The law of numbers
What the vLex-Fastcase merger tells us about the development of legal AI tools in Canada.
Fastcase and vLex were both founded as scrappy smaller competitors in online legal research markets dominated by larger players. That all changed with their recent merger, a clear signal that legal tech companies view extensive data collection as the key to succeeding in the accelerating race to bring legal AI tools to market. Those without access to the large bodies of data required risk being left behind or beholden to third-party providers.
The newly created vLex Group will reportedly have access to more than one billion legal documents from more than 100 countries.

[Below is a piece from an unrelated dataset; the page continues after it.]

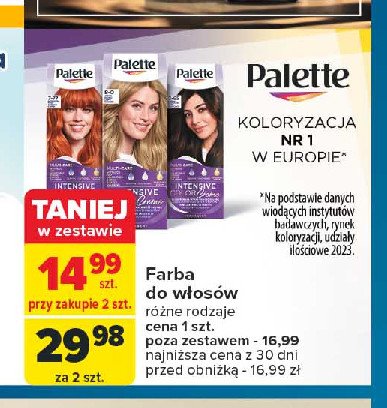 Farba do włosów 3-65 ciemna czekolada Palette intensive color creme promocja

The hope is that vLex will apply its data corpus to create natural language models that use pre-processed data to improve interactions with computer programs.
The new AI landscape is a challenging one for companies and researchers operating in jurisdictions with smaller document collections, especially in languages other than English. Unsurprisingly, AI-driven legal tools are primarily based on English data sets from the United States. But for purposes of technical expediency, the AI systems around the world are trained primarily on U.S. data, and they risk of deviating towards American norms, so they are not always well-suited to the needs of users in other legal systems. In Canada, companies must contend with distinct legal traditions and the demand for content in both English and French.

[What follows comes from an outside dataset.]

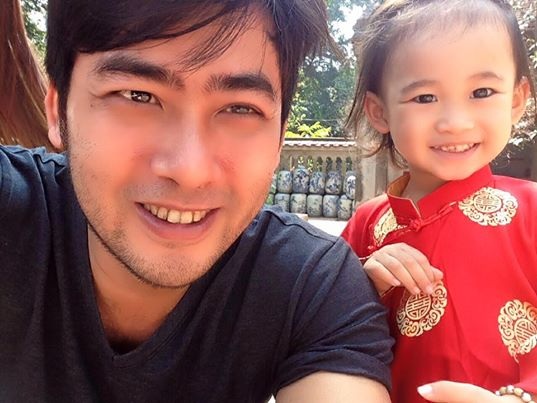 Diễn viên Anh Bảo trong phim Cảnh sát hình sự.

Large language models like ChatGPT can give relevant answers about laws in smaller jurisdictions, though they may still hallucinate, says Jerrold Soh, the deputy director at the Centre for Computational Law at Singapore Management University. But users of these systems will need to specify details like which jurisdiction they are looking for in their requests, requiring some sophistication.

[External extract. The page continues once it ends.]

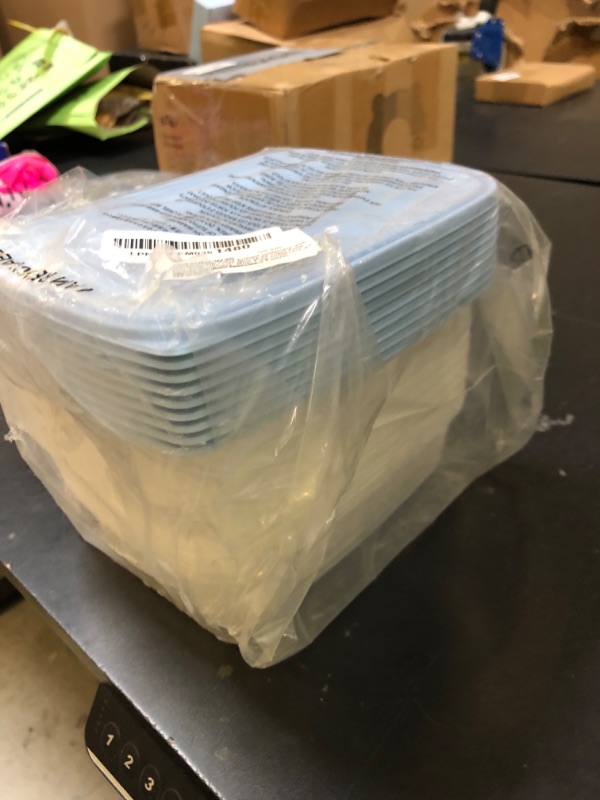 Photo 1 of 10 Pack To Go Food Storage Containers | Medium Size Rectangular Food Storage That Holds up to 35 Ounces of Food, Solids, or Liquids 35oz (4.22 cups) Leak Proof Microwave Freezer Dishwasher Safe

That will likely change with time. As new systems integrate data reflecting more varied situations, the lack of data representativeness will become less of an issue. Systems training requires the input of large volumes of text. Now they're trained on datasets as large as the open internet, where there are troves of data on traditionally less represented jurisdictions. The new systems will have more varied patterns to reference.
This means they can be asked to give unbiased answers, which can improve results significantly. As more tools are built for legal research and practices tailored to specific markets, new products will require less sophistication from users.
Legal technology firm Lexum is looking closely at how language models can support improved tools for use in Canada. It has an internal proprietary language model trained on Canadian law and has been working with openly available systems like ChatGPT, says CEO Ivan Mokanov. These have been promising, but the less glamorous work of collecting, organizing, and cleaning up court documents and legislative data is even more vital in this new environment. Applications require large volumes of structured data, which is labour-intensive to create.
And the data itself has to be available to feed language models, especially when it comes to smaller legal traditions, lest they be overlooked. If the data cannot be accessed, laws will not be accessible. Mokanov warns: "On a global scale, if your laws are not accessible, your legal traditions are in peril. The more accessible a legal corpus is, the more influence it will have."
None of which is to say that AI-driven systems can't or shouldn’t be used in legal contexts in Canada or elsewhere. However, it is important to consider how technology will transform the legal system. The legal community and society must decide how to balance different rights, needs, and priorities. Otherwise, technologists will make those decisions for them.